- Theatrical release poster
- Directed by: V. Thamilazhagan
- Written by: R. P. Viswam (dialogues)
- Screenplay by: V. Thamilazhagan
- Produced by: R. M. Veerappan
- Starring: Anand Divya Bharti
- Cinematography: A. V. Thomas
- Edited by: K. R. Krishnan
- Music by: Vidyasagar
- Production company: Sathya Movies
- Release date: 5 July 1990;
- Country: India
- Language: Tamil

= Nila Pennae =

Nila Pennae (/ta/ ) is a 1990 Indian Tamil-language film written and directed by V. Thamilazhagan and produced by R. M. Veerappan. The film stars Divya Bharti and Anand with Vennira Aadai Moorthy and Janagaraj in supporting roles. It was released on 5 July 1990.

== Plot ==

Krishnamoorthy lives in the city and decides to stay in a village within a forest for some time. As he is very stressed due to the city life, he meets an old guru woman who creates a girl for him. Krishnamoorthy falls in love immediately and so does the girl whom he calls Suriya. She goes on to show him the beauty of life.

== Cast ==
- Anand as Krishnamoorthy
- Divya Bharti as Suriya
- Soorya
- Vennira Aadai Moorthy
- Janagaraj
==Production==
The film was directed by V. Thamilazhagan, son of R. M. Veerappan. Vikram mentioned he was supposed to be introduced as lead actor with this film but due to his commitment to En Kadhal Kanmani he was not able to take up this film. As the director was scouting for the film's lead actress, he instructed art designer Bharani to draw the portrait of a girl with the features he had imagined as he wanted the actress to look that way.
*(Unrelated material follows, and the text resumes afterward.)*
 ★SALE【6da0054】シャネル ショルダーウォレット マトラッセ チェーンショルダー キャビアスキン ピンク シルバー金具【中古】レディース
The portrait was printed in a magazine and around twenty girls auditioned but none of them satisfied Thamilazhagan. When he came to know about Divya Bharathi in Mumbai who had that look, he chose her but since she was too young the crew waited for a year for her to grow and then the filming began. This was Anand's first film as solo lead actor after previously appearing in second lead roles.

== Soundtrack ==
The music was composed by Vidyasagar.

| Song | Singers | Lyrics | Length |
|---|---|---|---|
| "Adi Raasathi" | S. P. Balasubrahmanyam | Vaali | 0:44 |
| "Kichang Kichang" | K. S. Chithra, Gangai Amaran | Pulamaipithan | 05:14 |
| "Manasukku Vayasenna" | K. S. Chithra | Vaali | 04:53 |
| "Otha Kuyilu" | Swarnalatha, S. P. Balasubrahmanyam | Gangai Amaran | 04:39 |
| "Pudhu Uravu" | K. J. Yesudas, P. Susheela | Vairamuthu | 04:47 |
| "Raathiri Mella" 1 | S. P. Balasubrahmanyam, K. S. Chithra | Vaali | 05:14 |
| "Raathiri Mella" 2 | Malaysia Vasudevan, K. S. Chithra | Vaali | 05:14 |
| "Thalaiyil Kiridangal" | S. P. Balasubrahmanyam | Vairamuthu | 04:33 |

== Release and reception ==
Nila Pennae was released on 5 July 1990, delayed from June. NKS of The Indian Express appreciated Divya Bharti and the music, but criticised the acting of the others. P. S. S. of Kalki wondered who would be guilty of derailing a wonderful film that started out as a highly award-winning feature for box-office collection purposes or anything else, but praised the cinematography.